Di certo l’americanizzazione dello sport meno americano del mondo è soprattutto una faccenda generazionale. Il target commerciale delle partite del futuro è la Gen Z e la Gen Z sembra amare le partite sulla PlayStation più di quelle sui campi in erba reale.
La Fifa e l’Uefa lo sanno e sono corse ai ripari. Per esempio, hanno abolito la valenza doppia dei gol in trasferta nelle competizioni europee. Se quella regola fosse ancora attiva, nessuna squadra subirebbe 4 reti in casa in una semifinale di Champions con tanta leggerezza. Qualche anno fa Florentino Perez e Andrea Agnelli tentarono poi il golpe della Superlega, un campionato per sole stelle dai piedini fatati, senza squadre costrette a difendersi per non retrocedere. Addirittura pare che nel 2021 proprio la Fifa avesse azzardato esperimenti rivoluzionari durante la Future Cup under 19: in quell’occasione le squadre avevano giocato 30 minuti per tempo, col cronometro dell’arbitro fermo a ogni interruzione, senza regola del fuorigioco e con ammonizioni che prevedevano l’uscita dal campo dei giocatori per 5 minuti a ogni cartellino giallo. Fantascienza ovviamente. Ma interessante per capire da che parte sta tirando il vento.
Il rovescio della medaglia di tanta frenesia starebbe nell’altra semifinale di Champions, quell’Atletico Madrid-Arsenal non ancora terminata al momento in cui questo giornale va in stampa, ma foriera di un pensiero calcistico più tradizionalista.
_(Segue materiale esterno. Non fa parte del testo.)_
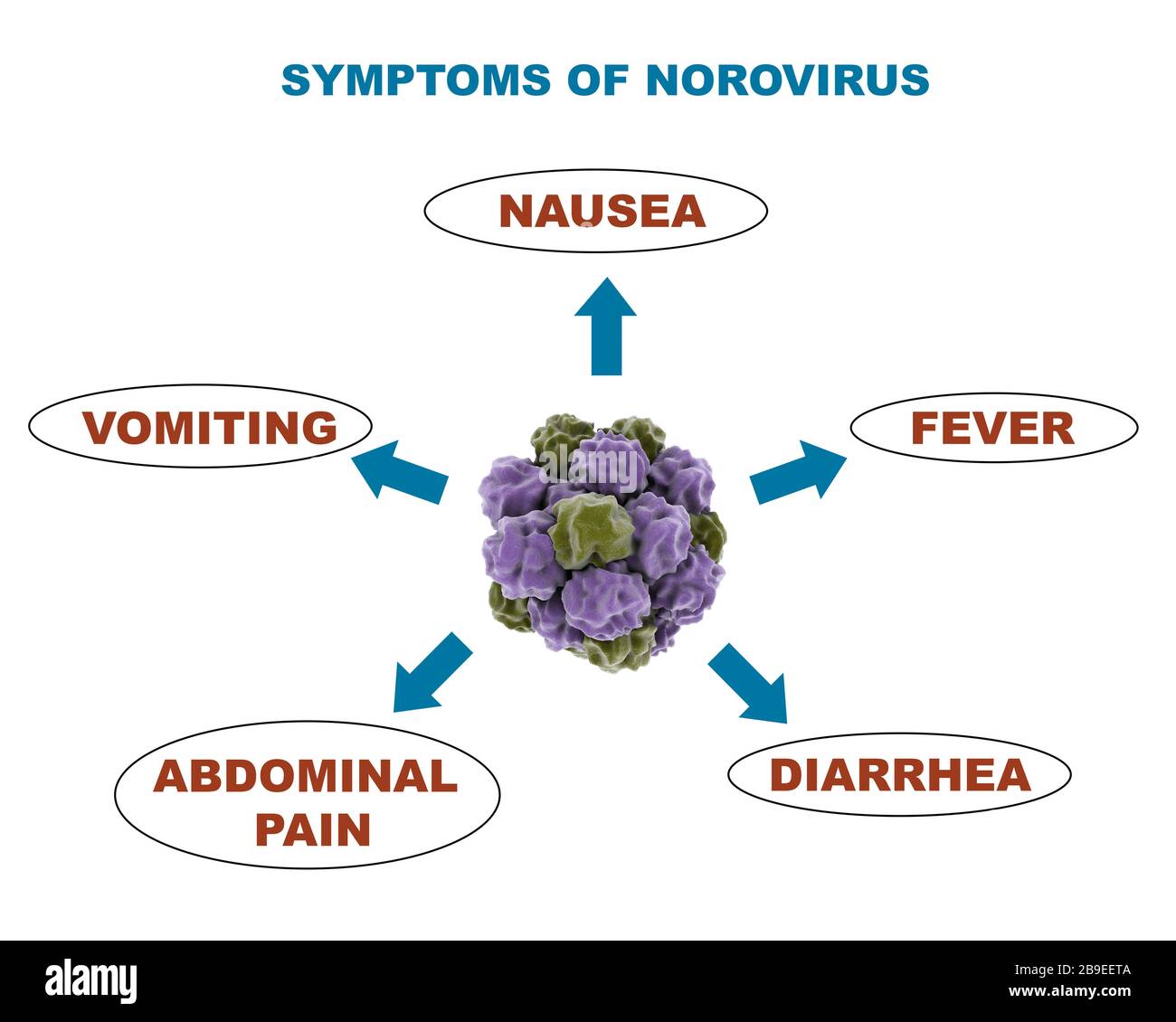 Medizinisches Diagramm mit Symptomen des Norovirus. Stockfoto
Un confronto tra il cholismo di Simeone e le alchimie di Arteta che potrebbe rendere la creatività tattica ancora un mezzo umano e intelligente per arginare l’egemonia della fisicità tecnica. Beninteso, qui nessuno sta evocando il ritorno ai tempi mitici del paròn Nereo Rocco, quando col suo spassoso accento triestino commentava: «Solo noi femo il catenaccio? E gli altri cossa fanno? Calcio prudente?» (e già ai tempi di Rocco esisteva il Brasile pirotecnico di Garrincha). Però il gusto per la sfumatura, l’irruzione di una soluzione tattica sorprendente nel corso di una partita capace di determinare una svolta senza svilire lo spettacolo, la variazione paludata alle incursioni nerborute, la sostituzione azzeccata e, perché no, una fase difensiva praticata con sapienza, potrebbero coesistere col desiderio di concepire una partita per soli attaccanti, emuli di Jannik Sinner quando vince 6-0 6-0.
Il pallone è una pratica in continua evoluzione e si dice che ogni evoluzione non ammetta la dipendenza da un precetto immutabile. Nemmeno dai nuovi dogmi che promettono divertimento illimitato. «La partita perfetta finisce 0-0», diceva Gianni Brera.